それをおもむろに自分の目線に合わせてみる。
首を傾け目で語る。
――ほしい?
こくこくと首を縦に振る。
にっこりと笑い差し出す。
受け取り、いいの? と視線を向けてくる。
今度はこちらが首を縦に振る。
りぱ~☆といい笑顔。そして一口パクつき、さらに目を大きく広げてくる。
つぶ餡の和菓子店風に仕立ててみた逸品。この味に慣れたら他所で食べるなどという愚行は
できない。自信作である。
うちは材料は庭で作ったりできるものもあるが、こと甘味に関しては苦労が多い。
うちの子たちは食べたがるし、甘味を用意するのは難しい。それでもやりくりしてどうにか
自作するぐらいはする。スナック菓子の再現は難しいがポテトチップスならできるし、
ホットケーキの応用をすれば(ホットケーキミックスという贅沢品は稀だが)できなくもない。
お菓子が欲しいか? だったら作れである。
視線に気づいたのか、食べていた黒服の子は何かに気づいたようで、半分に割って差し出して
きた。実はほしいのでは? と考えたらしい。
「いいのですよ、食べても」
「でも……」
「うちは食いしん坊が多いからはやく食べちゃいなさい」
ちゃんと笑えているかどうかは自信がない。甘いのが嫌いなわけではないのだ。
「恩返しはちゃんとするから」
「子どもはそんなこと考えなくてもいいの」
頭をなでなですると、本に視線を下す。
物語の中に没頭している合間に、その子も姿を消していた。
――そういえば名前とか聞いてなかったけど、どこの子なのかな?
その日の夜の話。
リーパーちゃん(10歳)は運営ちゃん(8歳)の元へやってきていた。
「運営ちゃん……」
「はーい。ガバってませんよ。ってあ、危ない!! どうしたんです?」
死神の鎌を構え、本気の目を向けている。
「青島玲子さんの家をもう少しよくしてください」
「は? そんなことできませんよ。何があったんですか、ちょっ、鎌振るわない」
必死になって避けながらあらゆる書類が切断されていく。
「さすがに可哀想になってきましたので。

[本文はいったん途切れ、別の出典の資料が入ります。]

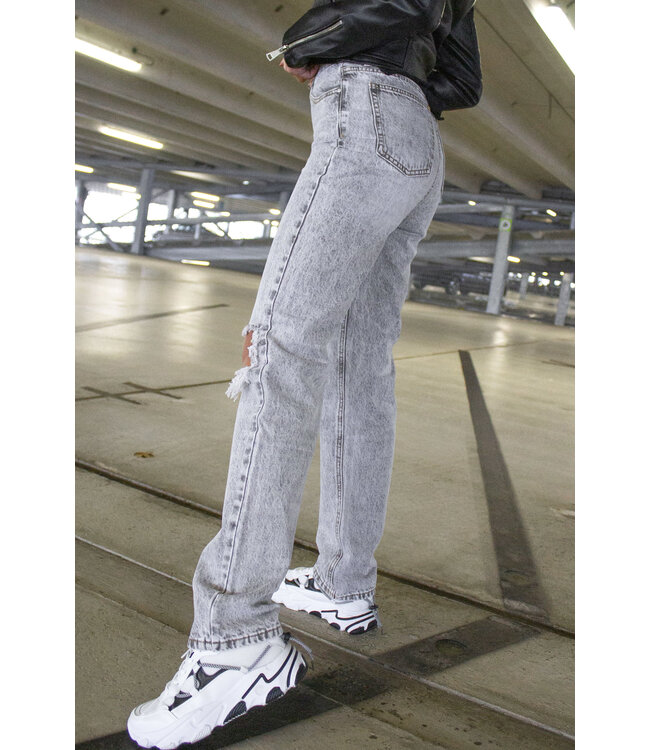 Straight Leg Jeans / Grey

しかも私、死神なのに……」
涙を流しながら振り回すリーパーちゃんの姿があったとか……
登場人物紹介~
運営ちゃん(8歳)
平塚で行われている可逆性SNSミステリー『Project:;COLD』の運営。
そのあまりにも無視できない『ミス』と『やらかし』と『ガバさ』を「8歳のすることだから」と擁護してできた存在。もちろん、剪定された存在です。
さすがの私も運営は吊るしても、運営ちゃん(8歳)を吊るすような真似はできません。子どもに優しく。
はい、そんなわけで玲子さんです。総長玲子さんですが、
普段着を着物で過ごす純和風文学少女仕立てにしてみました。髪型はまぁ皆さんの想像にお任せしましょう。